JLA #27, inks by Bernard Sachs

So what does this preamble have to do with Sid Greene whose birthday we’re celebrating? Greene, along with his contemporary, Murphy Anderson, was one of the inkers whose distinctive style I started recognizing as I read more and more DC Comics.

Anyone who has read a fair amount of Silver Age DC titles is undoubtedly familiar with both the inking and pencilling of Murphy Anderson. Anderson had a strong style that subjugated the pencillers he inked; for example, he softened and rounded the angular, kinetic energy of a Carmine Infantino or Gil Kane while adding a touch of realism prior to the debut of the hyper-naturalism of Neal Adams.

Sid Greene did exactly the same thing as Anderson yet he doesn’t garner the same accolades. Greene was known for pencilling and inking stories in Mystery in Space and Strange Adventures but started superhero work with “The Purloined Miniatures” in The Atom #8 (Aug.-Sept. 1963). He added Green Lantern to his assignments with Issue #29 (June 1964) and then Elongated Man in Detective Comics #332 (Oct. 1964).

With Batman #169 (Feb. 1965), Greene started inking the adventures of the Dynamic Duo. Greene had an impressive output in the life of Batman. Along with inker Joe Giella, whom Greene often traded stories — Sid helped crystallize the style of the “New Look” Batman introduced in 1964. But due to his short, three-year stint, his efforts are often overshadowed. Although there are a couple of dates in contention for when Sid Greene was born, we’re going with June 18, 1906. Greene died in October 1972 at the age of 66.

Here, then, are 13 Bat-Panels celebrating the birthday and legacy of Sid Greene:

1. Here’s Greene’s first foray with Batman in “A Bad Day for Batman” from Batman #169 (Feb. 1965) over Sheldon Moldoff’s pencils.

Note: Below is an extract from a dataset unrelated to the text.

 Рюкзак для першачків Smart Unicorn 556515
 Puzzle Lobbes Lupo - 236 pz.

While Sid doesn’t change Batman’s facial appearance, sticking with Moldoff’s line work, you can see his signature facial style on Mr. Treymaine and the others in the briefing room.

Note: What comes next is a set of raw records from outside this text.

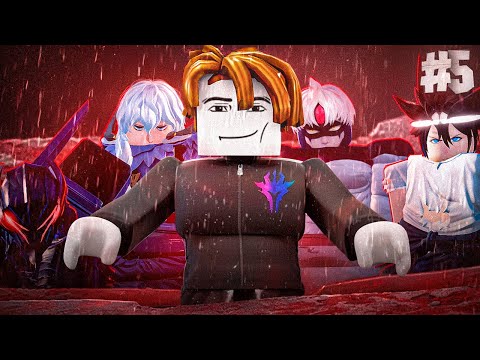 Видео: Это что...Конец? С НУЛЯ ДО ВСЕХ СЕКРЕТОК #5 В Anime Vanguards | Roblox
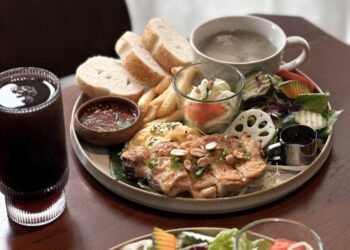 屏東特色泰式料理餐廳 泰式料理融合異國早午餐開啟全新美食體驗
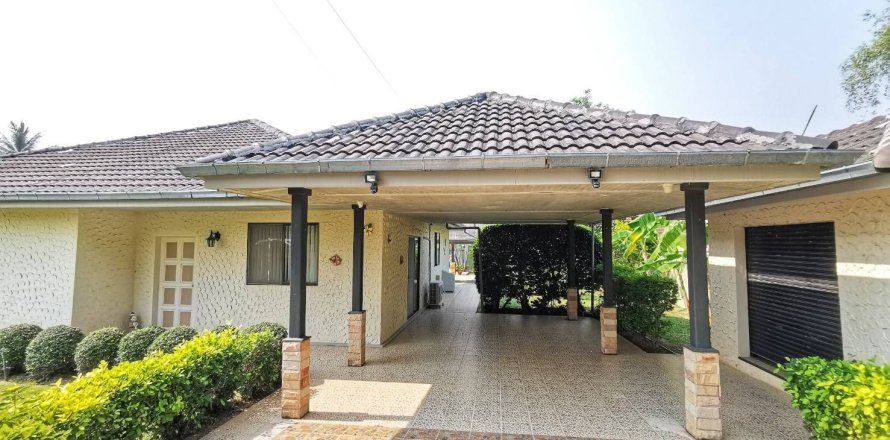 Chalet de 2 dormitorios en Hua Hin, Tailandia № 167786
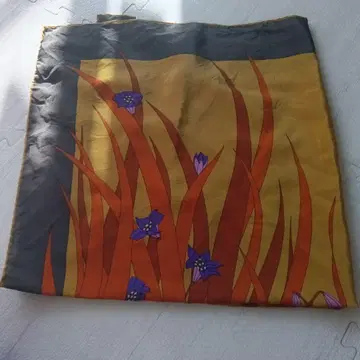 GRES 실크 스카프 이탈리아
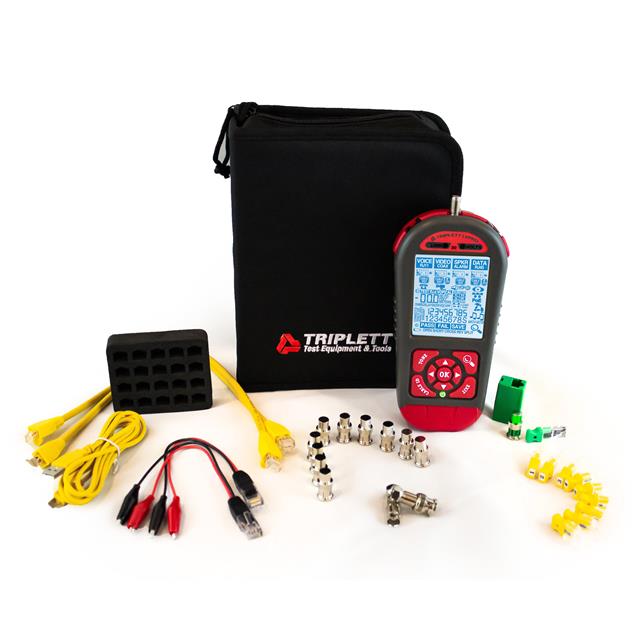 LVPRO30 Triplett  Ausrüstung - Spezialität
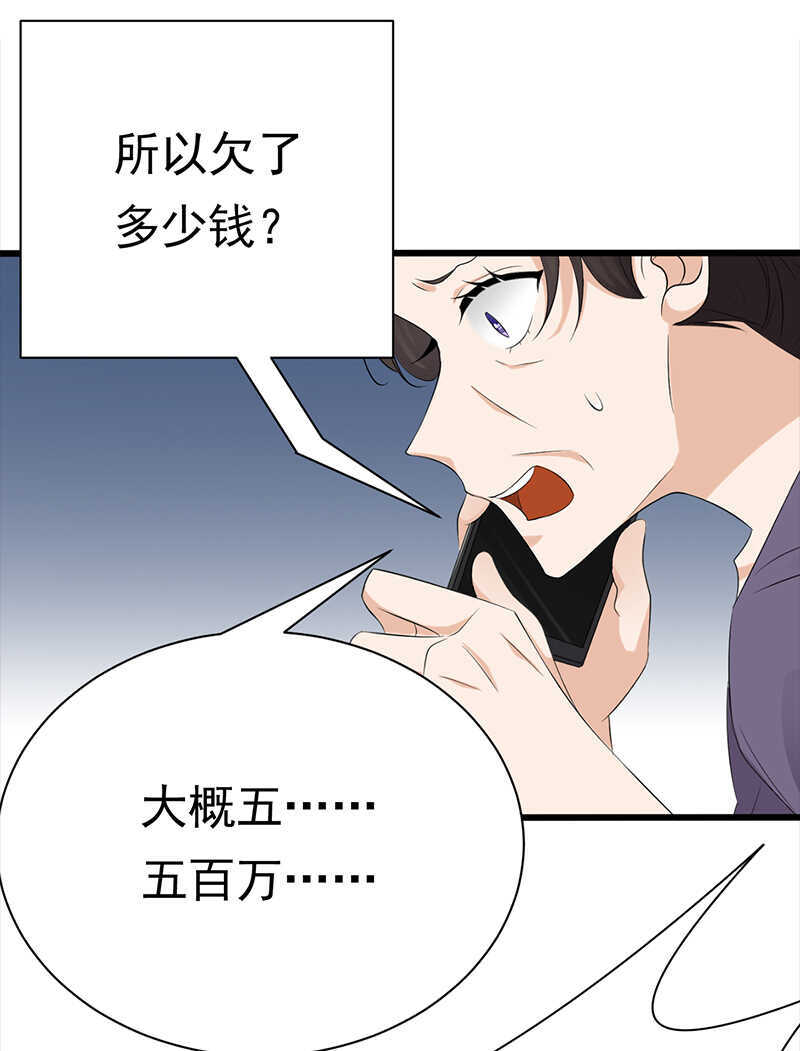 宠妻成瘾：陆少的心尖宠韩漫全集-第93话：血浓于水无删减无遮挡章节图片 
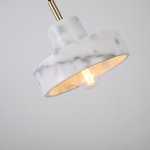 Подвесной светильник STONE PENDANT White by ImperiumLoft ImperiumLoft 101775-26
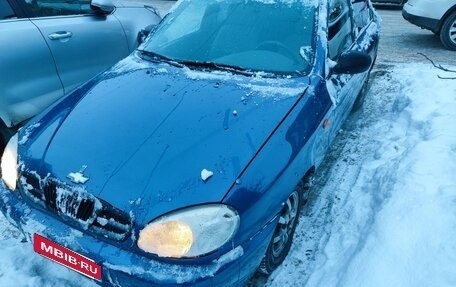 Chevrolet Lanos I, 2005 год, 110 000 рублей, 4 фотография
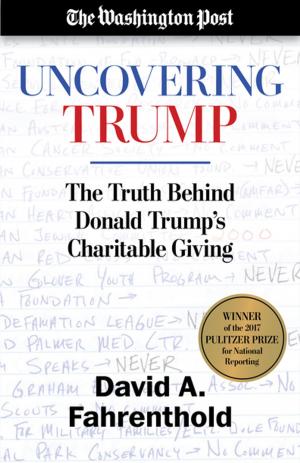 Cover of the book Uncovering Trump by Robert Evert
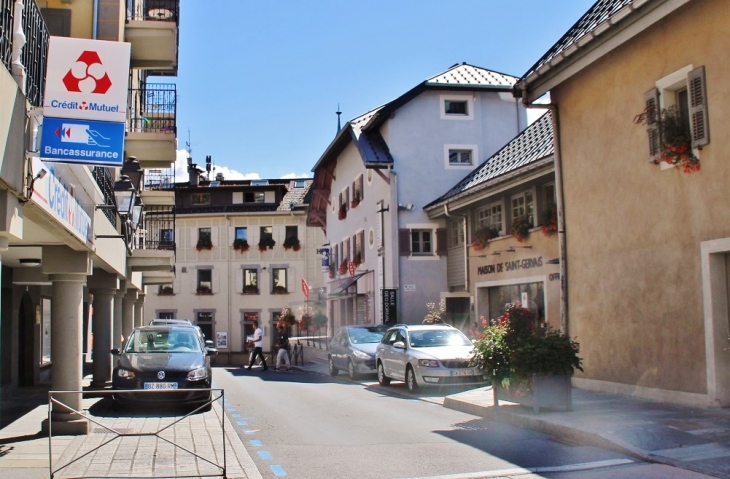 La Commune - Saint-Gervais-les-Bains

2. Although there’s not a lot of Sid’s style on Batman and Robin in this splash page from “Walk, Batman — To Your Doom!” in Batman #173 (Aug. 1965), you can see his facial style in scientist Grover — plus, I love what he did with the water and background to set the mood. Pencils by Sheldon Moldoff.

3. Once again, Sid is a master of mood in this panel from “Catwoman Sets Her Claws for Batman!” in Batman #197 (Dec. 1967). I always thought that this Catwoman costume was borrowed directly from the TV show but colored green rather than black for some strange reason. Pencils by Frank Springer.

4. Here’s another example of Greene’s moody inking style — this time in a cemetery from “Gateway to Death!” in Batman #202 (June 1968). Pencils by Chic Stone.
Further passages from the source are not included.